A much larger version of this scheme is being marketed by hedge fund Emergent. It’s targeting a total return of 400 per cent over the next five years, partly due to the phenomenal rising land values, investment in better technology to improve productivity and the introduction of a new form of farming called no till agriculture.
There are various factors driving the ‘outsourcing’ of domestic food production to Africa. Among these are stagnation or drop in crop yield due to “green revolution fatigue”, government’s concerns related to long term food security besides the allure of much cheaper land and more abundant water resources in African countries.
The subsidies being offered by governments of African countries is another enticement. In many cases, companies have been offered special incentives, including the offer to lease massive tracts of arable land at very generous terms with access to water and the ability to fully repatriate the profits. On the other hand, the rising cost of farming in other parts of the world is also driving many companies to Africa.

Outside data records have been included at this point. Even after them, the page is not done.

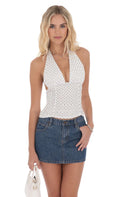 Polka Dot Ruched Halter Top in White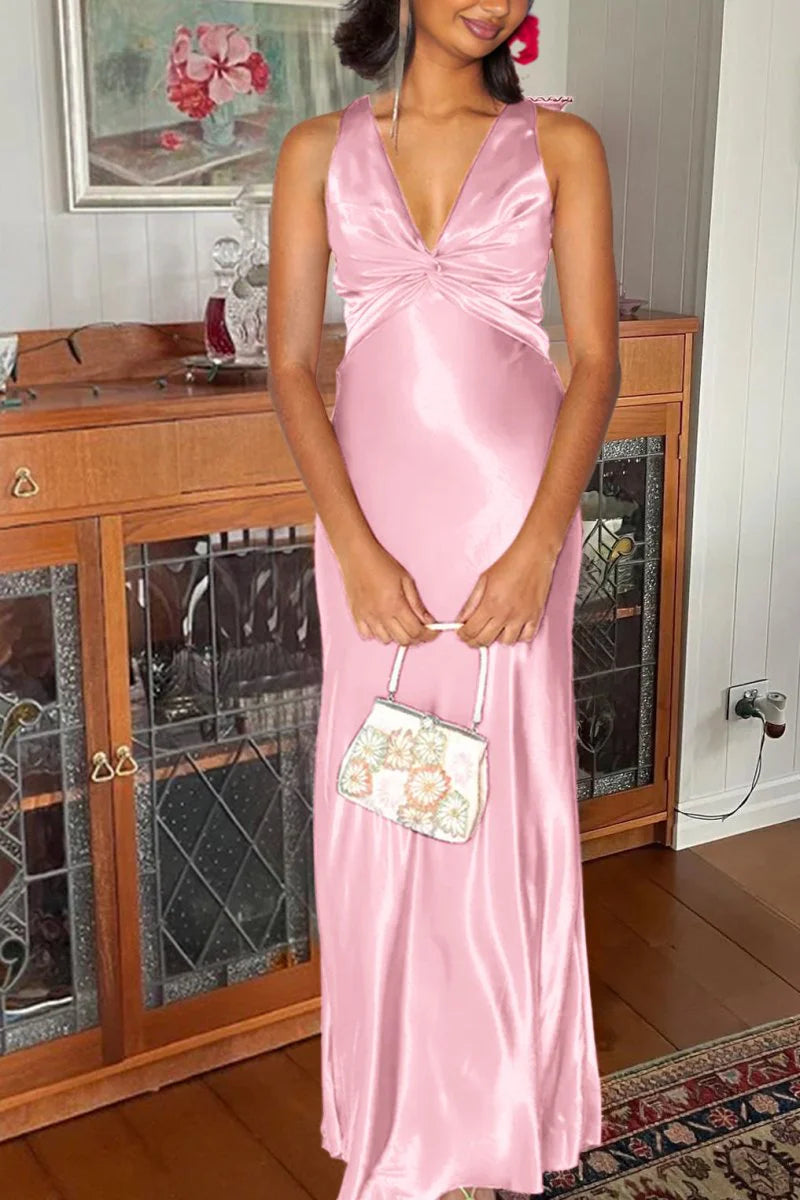 Halter V-Neck Prom Dresses Pleated Satin Sleeveless Long Prom Party Dress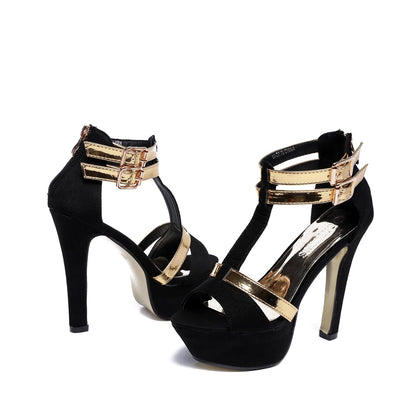 Vintage Chunky Heel T-Strap Platform Heels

“The cost of agricultural production in Africa is almost half that in India. There is less need for fertiliser and pesticides, labour is cheap and overall output is higher,” said one farm owner from India.
Recent offers by African governments allow foreign farmers to acquire much larger tracts of contiguous land on lease for 50 years, and in some cases even up to 99 years at throwaway prices. “The land lease rate in India’s state of Punjab is a minimum of $760 per acre,” said a report in an Indian newspaper. In contrast, in most African nations, the land lease rate works out to a mere $13.30 per acre. This means that for every one acre in Punjab, Indian investors can own 60 acre in Africa,” concluded the report.
Many governments in Africa are offering excellent incentives and tax exemptions in an effort to attract foreign investors in the agricaultural sector:
Sudan: The new policy explained by Dr Samson Kwaje, Minister of Agriculture and Forestry of the Government of Southern Sudan, involves leasing (for 8-32 years) a minimum 60,000 acres of land to foreign farmers at a lease fee of amount 25 US cents/year/acre. There is no upper limit. There would be no taxes or duties on inputs and no profit tax for at least four years.
Senegal: In Senegal, land could be acquired under two different procedures namely (i) allocation of land for agricultural use and (ii) regularisation through lease (long lease). Acquisition of land through procedure (ii) would entail financial expenditure including payment of annual rents which could amount to around FCFA 20,000 per hectare (around US$ 40 per hectare per year). The minimal period for lease is 20 years extendable to 30 years and renewable to 50 years (long lease).”
Tunisia: The foreign investor can own up to 66% of the capital. The arable land is leased and cannot be capitalised. Agricultural investments do not require a preliminary authorisation. They must be declared with the Agency for the Promotion of Agricultural Investment. Two fiscal regimes can be adopted: a partially-exporting regime and wholly-exporting regime.
Wholly-exporting entities are those that export at least 70% of their production, with the option to sell the remainder on the local market.
Full and permanent exemption from customs duty, auxiliary customs duty, value-added tax and customs tax are also available to prospective investors. The Agency for the Promotion of Agricultural Investment in Tunisia has offered about 3,000 hectares of land for commercial farming and for setting up agro-processing projects in Tunisia.”